Description of the task ::
Each line of the entries that contains the word "click" adds one. Reply with the resulting number only.

Data for this exercise ::

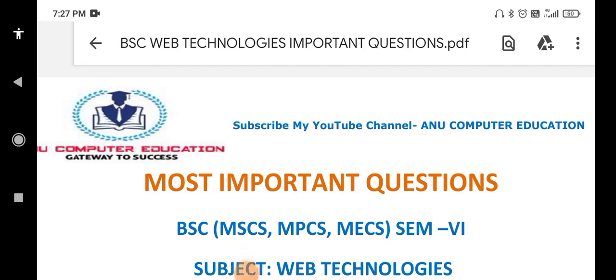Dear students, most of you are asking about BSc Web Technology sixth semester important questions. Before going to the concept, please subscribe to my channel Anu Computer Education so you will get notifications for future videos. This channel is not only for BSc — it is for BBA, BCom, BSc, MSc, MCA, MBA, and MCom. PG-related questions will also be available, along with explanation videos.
==
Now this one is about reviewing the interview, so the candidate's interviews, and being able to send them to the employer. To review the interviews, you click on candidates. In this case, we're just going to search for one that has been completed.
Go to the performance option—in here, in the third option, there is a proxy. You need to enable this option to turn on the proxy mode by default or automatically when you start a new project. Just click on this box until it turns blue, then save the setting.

Result of the task ::
2